If you have been around Grace Church for a while, you have heard me say many times that the opposite of love is selfishness. Genuine love will always do what is best for the other person as opposed to what is best for you when a choice must be made. Love will override selfishness if the quality of that love is as Jesus commands of us.
Even as believers, we can obviously and easily slip back into our old ways and allow selfishness to reassume the throne of our hearts. We know by experience and by Scripture that a battle rages within us essentially every moment of every day. The flesh, or the unredeemed portion of our being, is always at odds with the Holy Spirit that resides within us. The Holy Spirit is always gently guiding our thoughts and actions, yet we suppress the Holy Spirit often when we take offence, when we don’t get our way, when we feel slighted, and when we are disappointed. Self overrules the Spirit’s desires when we allow it, and we allow it too much.

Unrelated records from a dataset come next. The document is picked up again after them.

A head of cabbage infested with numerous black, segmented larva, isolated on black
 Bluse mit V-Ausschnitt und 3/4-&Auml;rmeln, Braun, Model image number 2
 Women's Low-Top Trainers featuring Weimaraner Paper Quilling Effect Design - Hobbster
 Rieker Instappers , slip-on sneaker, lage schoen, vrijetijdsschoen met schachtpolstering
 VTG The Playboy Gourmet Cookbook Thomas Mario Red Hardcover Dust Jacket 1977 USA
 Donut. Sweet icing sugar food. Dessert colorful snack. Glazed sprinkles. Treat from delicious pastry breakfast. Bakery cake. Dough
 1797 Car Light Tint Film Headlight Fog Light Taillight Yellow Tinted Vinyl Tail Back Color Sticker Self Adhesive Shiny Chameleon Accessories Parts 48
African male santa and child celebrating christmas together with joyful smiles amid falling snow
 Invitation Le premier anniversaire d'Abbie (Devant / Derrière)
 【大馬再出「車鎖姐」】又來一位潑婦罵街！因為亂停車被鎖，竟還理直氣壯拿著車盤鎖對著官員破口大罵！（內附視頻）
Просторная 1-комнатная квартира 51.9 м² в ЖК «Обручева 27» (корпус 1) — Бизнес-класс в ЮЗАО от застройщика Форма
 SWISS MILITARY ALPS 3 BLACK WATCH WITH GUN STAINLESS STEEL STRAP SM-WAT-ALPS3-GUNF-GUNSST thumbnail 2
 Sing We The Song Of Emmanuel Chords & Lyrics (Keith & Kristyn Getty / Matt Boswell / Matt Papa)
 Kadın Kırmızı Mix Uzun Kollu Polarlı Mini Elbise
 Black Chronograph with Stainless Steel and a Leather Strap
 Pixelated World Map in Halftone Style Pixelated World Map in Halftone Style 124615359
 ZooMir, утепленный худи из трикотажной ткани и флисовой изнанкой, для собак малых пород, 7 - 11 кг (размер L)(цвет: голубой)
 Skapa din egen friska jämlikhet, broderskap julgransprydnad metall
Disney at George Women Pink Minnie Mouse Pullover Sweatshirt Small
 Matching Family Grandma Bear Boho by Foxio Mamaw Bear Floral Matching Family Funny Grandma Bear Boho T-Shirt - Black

And as we saw two weeks ago, it is usually something very small that sets us off and causes us to defer to the selfish flesh instead of yielding to the Holy Spirit – the little foxes as Solomon referred to them in the Song of Solomon. Our selfish flesh will find the most insignificant comments or actions by others and turn them into massive offences committed against us. The Holy Spirit is urging us to let love cover that. We are then left with a choice: Obey the selfish flesh or obey the Holy Spirit.
Turn with me in your Bible to the Book of 2nd Corinthians.
2 Corinthians 1:21-2:4
Let’s pray.
To refresh your memory, the church at Corinth is struggling with sin and with many peripheral issues. They are distracted by all manner of things but are on the verge of spiritual chaos over the Apostle Paul’s change in travel plans – a small and what should have been insignificant disappointment is exploding into a nightmare to the extent of threatening the existence of this church.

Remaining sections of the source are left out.